::: Supplied data

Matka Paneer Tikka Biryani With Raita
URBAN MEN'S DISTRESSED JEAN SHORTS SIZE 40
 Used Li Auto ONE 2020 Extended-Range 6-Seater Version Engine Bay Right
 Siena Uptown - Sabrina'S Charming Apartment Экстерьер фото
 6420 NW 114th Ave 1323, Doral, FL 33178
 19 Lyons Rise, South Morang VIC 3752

::::::

Return each entry above exactly, leaving none out.

Matka Paneer Tikka Biryani With Raita
URBAN MEN'S DISTRESSED JEAN SHORTS SIZE 40
 Used Li Auto ONE 2020 Extended-Range 6-Seater Version Engine Bay Right
 Siena Uptown - Sabrina'S Charming Apartment Экстерьер фото
 6420 NW 114th Ave 1323, Doral, FL 33178
 19 Lyons Rise, South Morang VIC 3752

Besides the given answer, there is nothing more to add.